敗戦国の花嫁 ー愛してはいけない人を愛してしまった

13 芽吹く庭園

 庭園を復活させると話した翌日、ユリアは薬事室でクリックと会う約束をしていた。
 今日もひとりで庭園へ向かうつもりで身支度を整えていると、背後からアリシアに声をかけられた。
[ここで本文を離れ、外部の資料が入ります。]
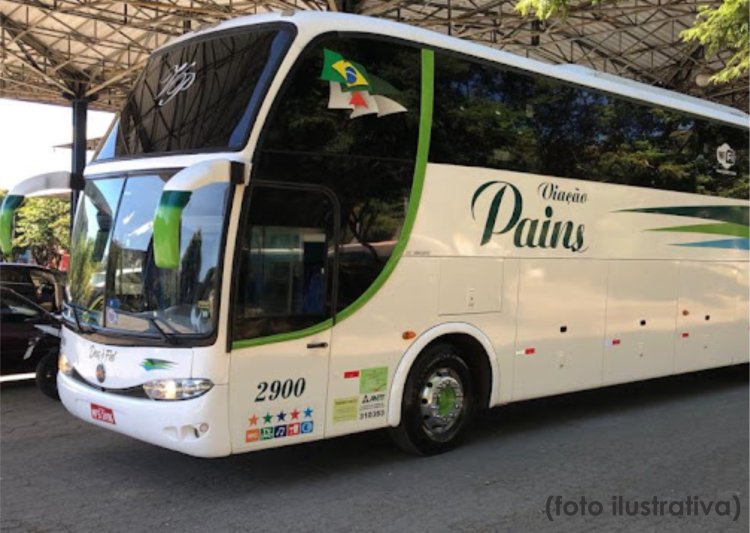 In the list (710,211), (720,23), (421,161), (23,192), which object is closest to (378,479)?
(421,161)

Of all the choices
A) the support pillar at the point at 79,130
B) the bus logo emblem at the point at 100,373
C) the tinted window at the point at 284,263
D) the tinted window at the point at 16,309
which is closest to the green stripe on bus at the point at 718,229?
the tinted window at the point at 284,263

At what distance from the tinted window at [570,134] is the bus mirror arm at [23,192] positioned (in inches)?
129

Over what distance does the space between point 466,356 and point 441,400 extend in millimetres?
546

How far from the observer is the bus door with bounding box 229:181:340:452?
5.22 m

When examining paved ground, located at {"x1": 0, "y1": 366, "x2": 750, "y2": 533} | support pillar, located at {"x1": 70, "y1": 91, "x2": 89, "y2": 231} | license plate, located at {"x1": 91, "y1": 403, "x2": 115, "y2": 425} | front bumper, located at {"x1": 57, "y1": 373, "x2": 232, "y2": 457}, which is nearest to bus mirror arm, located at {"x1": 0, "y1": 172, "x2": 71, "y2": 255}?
license plate, located at {"x1": 91, "y1": 403, "x2": 115, "y2": 425}

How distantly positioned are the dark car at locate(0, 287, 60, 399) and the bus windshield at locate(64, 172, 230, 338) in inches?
110

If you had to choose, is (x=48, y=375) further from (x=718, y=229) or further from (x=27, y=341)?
(x=718, y=229)

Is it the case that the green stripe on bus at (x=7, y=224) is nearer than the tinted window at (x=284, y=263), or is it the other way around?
the tinted window at (x=284, y=263)

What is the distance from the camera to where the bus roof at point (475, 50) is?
5.68 m

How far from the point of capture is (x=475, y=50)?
22.6 feet

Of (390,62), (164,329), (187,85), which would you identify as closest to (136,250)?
(164,329)

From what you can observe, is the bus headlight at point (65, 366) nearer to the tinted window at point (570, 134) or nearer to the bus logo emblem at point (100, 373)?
the bus logo emblem at point (100, 373)

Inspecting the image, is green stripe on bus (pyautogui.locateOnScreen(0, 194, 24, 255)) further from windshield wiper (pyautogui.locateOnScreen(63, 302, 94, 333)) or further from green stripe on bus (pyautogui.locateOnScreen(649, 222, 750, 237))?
green stripe on bus (pyautogui.locateOnScreen(649, 222, 750, 237))

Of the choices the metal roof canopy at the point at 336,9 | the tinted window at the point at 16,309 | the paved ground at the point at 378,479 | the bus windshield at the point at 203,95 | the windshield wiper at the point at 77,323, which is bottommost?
the paved ground at the point at 378,479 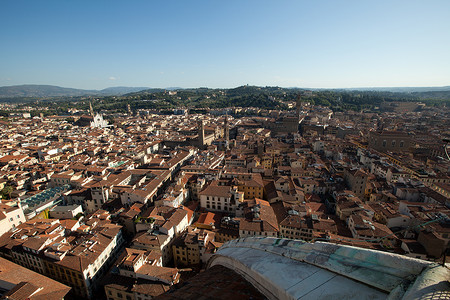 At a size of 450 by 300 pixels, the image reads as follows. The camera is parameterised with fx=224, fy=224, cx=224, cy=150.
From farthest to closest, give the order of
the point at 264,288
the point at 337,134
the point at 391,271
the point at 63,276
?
the point at 337,134 → the point at 63,276 → the point at 264,288 → the point at 391,271

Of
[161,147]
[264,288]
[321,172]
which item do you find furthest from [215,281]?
[161,147]

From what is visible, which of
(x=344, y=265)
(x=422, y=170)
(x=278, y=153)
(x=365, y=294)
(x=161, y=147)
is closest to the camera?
(x=365, y=294)

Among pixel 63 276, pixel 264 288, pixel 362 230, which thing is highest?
pixel 264 288

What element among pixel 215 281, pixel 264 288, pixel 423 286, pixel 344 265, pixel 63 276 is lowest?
pixel 63 276

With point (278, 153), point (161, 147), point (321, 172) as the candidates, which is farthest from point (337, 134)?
point (161, 147)

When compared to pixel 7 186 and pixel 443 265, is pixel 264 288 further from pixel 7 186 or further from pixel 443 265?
pixel 7 186

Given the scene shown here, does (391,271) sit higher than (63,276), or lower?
higher

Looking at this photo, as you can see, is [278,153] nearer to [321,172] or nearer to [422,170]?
[321,172]

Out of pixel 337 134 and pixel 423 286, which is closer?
pixel 423 286

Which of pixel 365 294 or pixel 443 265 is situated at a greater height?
pixel 443 265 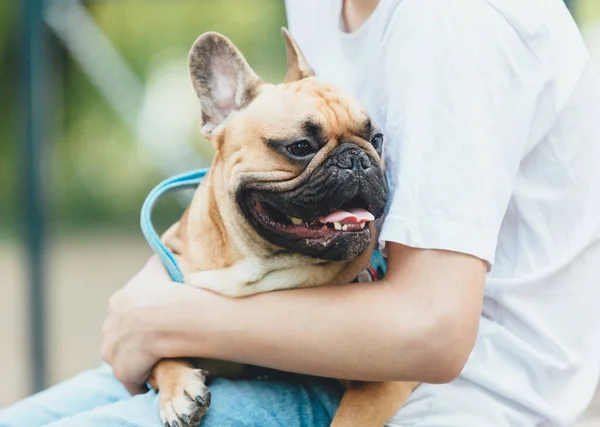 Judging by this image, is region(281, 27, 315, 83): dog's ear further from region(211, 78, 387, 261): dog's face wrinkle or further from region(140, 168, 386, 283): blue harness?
region(140, 168, 386, 283): blue harness

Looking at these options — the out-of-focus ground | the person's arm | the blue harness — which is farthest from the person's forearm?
the out-of-focus ground

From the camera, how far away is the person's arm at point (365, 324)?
859 mm

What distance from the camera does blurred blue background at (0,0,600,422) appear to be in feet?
7.49

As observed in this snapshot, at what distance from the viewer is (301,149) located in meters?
0.96

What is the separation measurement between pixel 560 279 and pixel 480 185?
0.18 m

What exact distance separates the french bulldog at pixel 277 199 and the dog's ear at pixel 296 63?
3cm

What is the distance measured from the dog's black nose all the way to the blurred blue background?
1.07 metres

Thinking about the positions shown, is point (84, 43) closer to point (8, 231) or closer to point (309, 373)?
point (309, 373)

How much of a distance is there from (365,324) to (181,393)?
8.5 inches

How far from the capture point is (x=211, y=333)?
0.94 metres

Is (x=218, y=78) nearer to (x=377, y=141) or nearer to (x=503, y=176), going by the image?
(x=377, y=141)

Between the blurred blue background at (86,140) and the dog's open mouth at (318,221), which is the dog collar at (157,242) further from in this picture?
the blurred blue background at (86,140)

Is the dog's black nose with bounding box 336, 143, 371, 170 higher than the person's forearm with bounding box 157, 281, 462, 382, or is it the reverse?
the dog's black nose with bounding box 336, 143, 371, 170

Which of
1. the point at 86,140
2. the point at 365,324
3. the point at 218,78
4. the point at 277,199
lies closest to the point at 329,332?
the point at 365,324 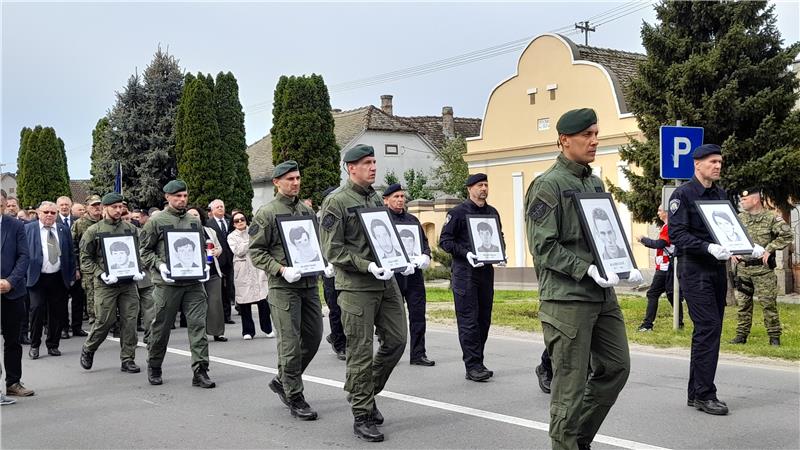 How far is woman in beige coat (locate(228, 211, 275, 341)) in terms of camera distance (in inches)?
521

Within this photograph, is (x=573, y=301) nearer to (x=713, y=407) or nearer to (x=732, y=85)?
(x=713, y=407)

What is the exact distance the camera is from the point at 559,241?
5.10 meters

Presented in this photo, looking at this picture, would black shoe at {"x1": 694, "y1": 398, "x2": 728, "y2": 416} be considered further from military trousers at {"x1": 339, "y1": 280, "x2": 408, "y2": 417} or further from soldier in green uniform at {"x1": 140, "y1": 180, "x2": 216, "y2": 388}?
soldier in green uniform at {"x1": 140, "y1": 180, "x2": 216, "y2": 388}

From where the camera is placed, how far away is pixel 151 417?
7.57 m

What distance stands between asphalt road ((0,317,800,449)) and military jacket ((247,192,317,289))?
46.2 inches

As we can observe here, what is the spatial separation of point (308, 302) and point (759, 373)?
4.87 metres

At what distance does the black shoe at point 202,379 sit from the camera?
8.98 metres

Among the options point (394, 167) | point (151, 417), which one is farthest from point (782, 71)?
point (394, 167)

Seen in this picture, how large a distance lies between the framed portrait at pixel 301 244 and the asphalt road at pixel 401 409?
1308 millimetres

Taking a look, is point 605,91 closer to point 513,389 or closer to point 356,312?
point 513,389

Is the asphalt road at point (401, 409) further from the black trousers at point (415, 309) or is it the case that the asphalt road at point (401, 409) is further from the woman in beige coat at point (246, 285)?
the woman in beige coat at point (246, 285)

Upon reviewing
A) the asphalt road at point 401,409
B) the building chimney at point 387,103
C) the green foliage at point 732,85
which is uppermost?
the building chimney at point 387,103

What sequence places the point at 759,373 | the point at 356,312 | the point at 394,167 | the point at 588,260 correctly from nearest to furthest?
the point at 588,260 < the point at 356,312 < the point at 759,373 < the point at 394,167

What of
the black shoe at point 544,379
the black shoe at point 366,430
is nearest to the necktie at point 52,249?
the black shoe at point 366,430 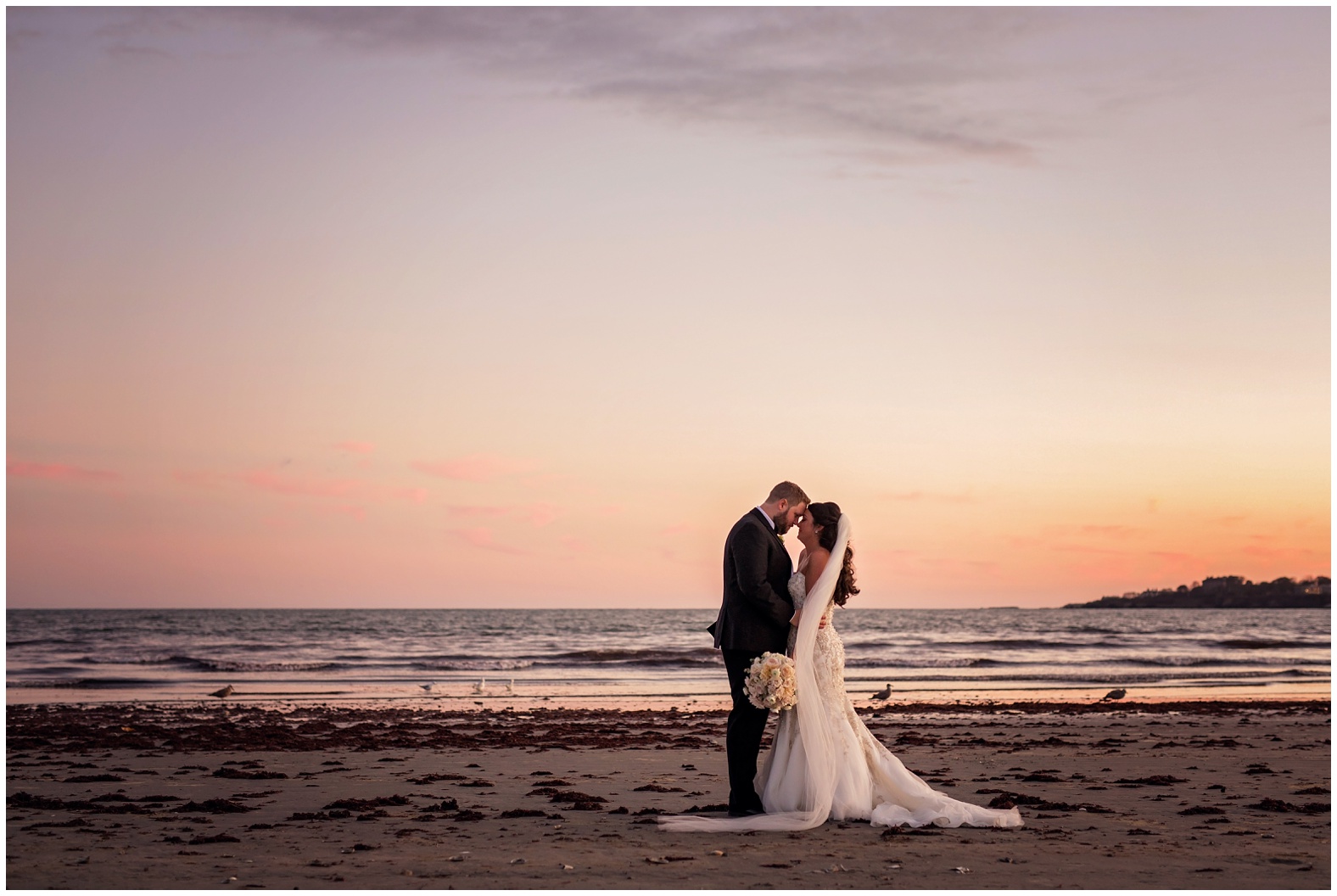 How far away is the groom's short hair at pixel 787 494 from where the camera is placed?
7.59m

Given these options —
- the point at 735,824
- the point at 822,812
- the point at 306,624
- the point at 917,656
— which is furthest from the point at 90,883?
the point at 306,624

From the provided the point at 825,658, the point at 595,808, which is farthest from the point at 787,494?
the point at 595,808

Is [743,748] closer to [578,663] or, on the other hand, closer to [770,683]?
[770,683]

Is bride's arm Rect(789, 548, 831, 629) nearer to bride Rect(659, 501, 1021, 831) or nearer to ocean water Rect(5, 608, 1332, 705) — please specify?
bride Rect(659, 501, 1021, 831)

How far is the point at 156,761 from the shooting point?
11.2 meters

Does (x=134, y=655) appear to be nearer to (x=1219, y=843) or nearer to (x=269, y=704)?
(x=269, y=704)

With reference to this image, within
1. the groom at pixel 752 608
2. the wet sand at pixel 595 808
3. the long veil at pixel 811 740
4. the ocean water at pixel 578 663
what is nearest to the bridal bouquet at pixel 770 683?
the groom at pixel 752 608

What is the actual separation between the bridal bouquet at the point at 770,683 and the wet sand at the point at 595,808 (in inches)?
34.7

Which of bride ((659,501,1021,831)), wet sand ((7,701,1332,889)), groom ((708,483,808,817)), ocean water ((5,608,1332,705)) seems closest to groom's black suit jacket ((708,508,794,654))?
groom ((708,483,808,817))

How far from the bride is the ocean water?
1299cm

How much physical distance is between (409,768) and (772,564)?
4.91 meters

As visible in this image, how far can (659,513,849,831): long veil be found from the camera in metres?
7.14

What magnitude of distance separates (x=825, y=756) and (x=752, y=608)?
Answer: 3.61 feet

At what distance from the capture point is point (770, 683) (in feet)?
24.2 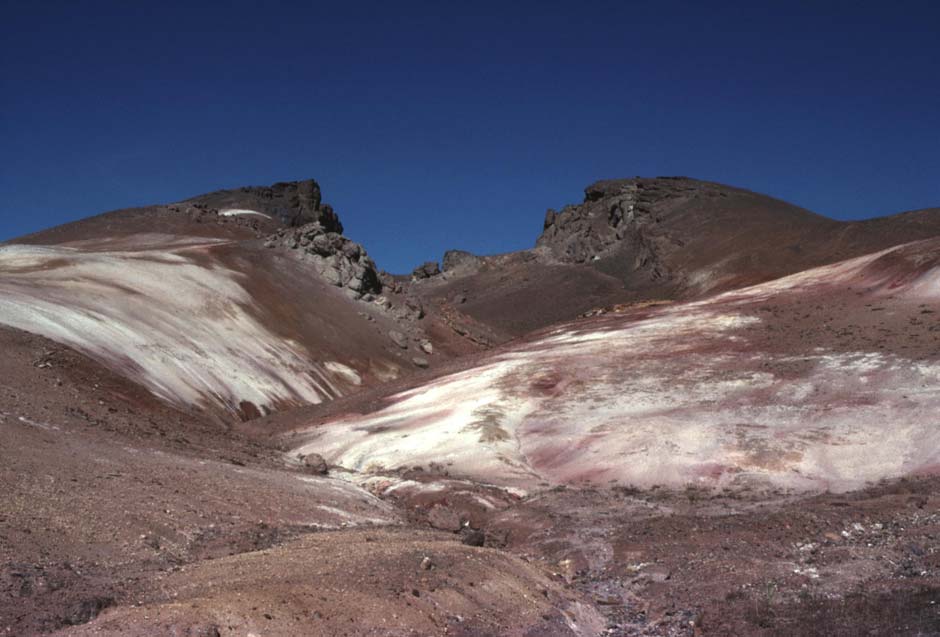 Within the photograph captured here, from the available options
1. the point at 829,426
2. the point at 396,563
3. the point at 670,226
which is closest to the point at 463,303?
the point at 670,226

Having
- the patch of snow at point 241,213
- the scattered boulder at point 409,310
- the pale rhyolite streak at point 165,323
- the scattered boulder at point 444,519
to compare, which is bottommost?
the scattered boulder at point 444,519

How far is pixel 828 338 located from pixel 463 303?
375ft

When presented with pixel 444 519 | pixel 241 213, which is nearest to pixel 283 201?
pixel 241 213

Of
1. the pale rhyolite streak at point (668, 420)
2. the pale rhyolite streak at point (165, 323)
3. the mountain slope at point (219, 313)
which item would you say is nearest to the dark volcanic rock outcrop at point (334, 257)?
the mountain slope at point (219, 313)

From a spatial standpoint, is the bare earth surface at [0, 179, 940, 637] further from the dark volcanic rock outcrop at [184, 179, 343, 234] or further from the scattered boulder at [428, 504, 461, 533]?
the dark volcanic rock outcrop at [184, 179, 343, 234]

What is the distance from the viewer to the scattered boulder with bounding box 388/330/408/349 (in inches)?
2576

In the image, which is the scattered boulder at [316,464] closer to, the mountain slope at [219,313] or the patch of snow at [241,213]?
the mountain slope at [219,313]

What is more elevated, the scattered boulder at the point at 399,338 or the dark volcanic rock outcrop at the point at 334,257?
the dark volcanic rock outcrop at the point at 334,257

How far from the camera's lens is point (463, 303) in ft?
493

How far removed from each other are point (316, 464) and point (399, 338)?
120 feet

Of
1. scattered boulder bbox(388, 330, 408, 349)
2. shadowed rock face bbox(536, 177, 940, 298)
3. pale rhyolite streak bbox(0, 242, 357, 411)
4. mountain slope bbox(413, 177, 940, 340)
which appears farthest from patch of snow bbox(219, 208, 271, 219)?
shadowed rock face bbox(536, 177, 940, 298)

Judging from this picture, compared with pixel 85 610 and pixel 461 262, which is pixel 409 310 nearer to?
pixel 85 610

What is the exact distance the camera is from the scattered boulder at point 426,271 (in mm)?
184875

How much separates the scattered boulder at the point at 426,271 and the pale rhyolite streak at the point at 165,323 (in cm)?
12469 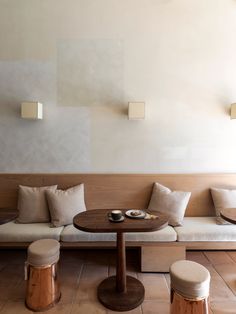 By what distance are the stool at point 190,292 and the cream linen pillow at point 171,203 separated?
956mm

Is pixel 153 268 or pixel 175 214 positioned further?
pixel 175 214

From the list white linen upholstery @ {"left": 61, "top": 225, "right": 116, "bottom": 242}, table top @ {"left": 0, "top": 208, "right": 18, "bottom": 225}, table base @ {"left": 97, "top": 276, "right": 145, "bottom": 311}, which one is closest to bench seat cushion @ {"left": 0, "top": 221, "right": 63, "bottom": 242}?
white linen upholstery @ {"left": 61, "top": 225, "right": 116, "bottom": 242}

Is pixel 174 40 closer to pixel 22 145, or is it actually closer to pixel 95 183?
pixel 95 183

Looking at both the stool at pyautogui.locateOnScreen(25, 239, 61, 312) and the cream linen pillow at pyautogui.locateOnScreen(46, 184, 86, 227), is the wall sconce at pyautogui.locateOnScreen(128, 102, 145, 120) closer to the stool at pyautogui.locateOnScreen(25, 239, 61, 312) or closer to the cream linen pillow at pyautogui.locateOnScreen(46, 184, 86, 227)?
the cream linen pillow at pyautogui.locateOnScreen(46, 184, 86, 227)

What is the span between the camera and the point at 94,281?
2.29m

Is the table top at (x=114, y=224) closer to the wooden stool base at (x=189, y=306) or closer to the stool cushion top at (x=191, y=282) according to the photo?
the stool cushion top at (x=191, y=282)

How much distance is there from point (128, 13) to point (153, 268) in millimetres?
3015

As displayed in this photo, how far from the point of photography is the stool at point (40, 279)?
1.91 metres

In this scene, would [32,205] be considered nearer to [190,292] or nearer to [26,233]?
[26,233]

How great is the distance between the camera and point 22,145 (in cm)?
298

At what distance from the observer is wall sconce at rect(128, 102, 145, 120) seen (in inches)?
108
「あの、ユリア様……。今から庭園へ行かれるのですよね?」

 どこか遠慮がちに、けれど思い切ったように、アリシアは言葉を続けた。

「あの……怪しんでいるわけでは決してないのですが……クリック様がどのようなお方なのか、少し気になりまして。もしよろしければ、私もご一緒してもよろしいでしょうか?」
「あら、クリックさんはとてもお優しい方よ。心配なんていらないわ」

 そう言ってから、ユリアは少し考えるように首を傾げ、柔らかく笑った。

「でも、アリシアにも紹介しておきたかったから、ちょうどいいかもしれないわね」

 アリシアの不安げな視線をよそに、ユリアは変わらず柔らかく微笑んでいた。
 支度を終え、二人で薬事室へ向かう。
 庭園を抜けた奥の、いつもは施錠されている扉の前で、ユリアは足を止めた。
 軽くノックをすると、内側から静かな声が返ってくる。

「どうぞ」

 扉を開けると、薬草の乾いた香りがふわりと漂った。

「おはようございます、クリック様」
「おはようございます」

 穏やかに返された声を受けて、ユリアは一歩横にずれた。

「こちらは、私の侍女のアリシアです。この国に来てから、とてもよくしてくれている子なんです。これから時々、お手伝いしてもらうこともあると思うので……」
「それは心強いですね。お手伝いいただける方が多いのは、ありがたいことです」

 クリックは微笑み、アリシアの方へ向き直って一礼した。

「はじめまして。薬師のクリックと申します」
「侍女のアリシアです。こちらこそ、よろしくお願いいたします」

 互いに挨拶を交わす間、アリシアはさりげなくクリックの様子を窺っていた。
 言葉遣いも立ち居振る舞いも穏やかで、少なくとも、警戒すべき人物には見えない。

「それでは移動しましょうか!」

 ユリアがそう言うと、三人は薬事室を後にした。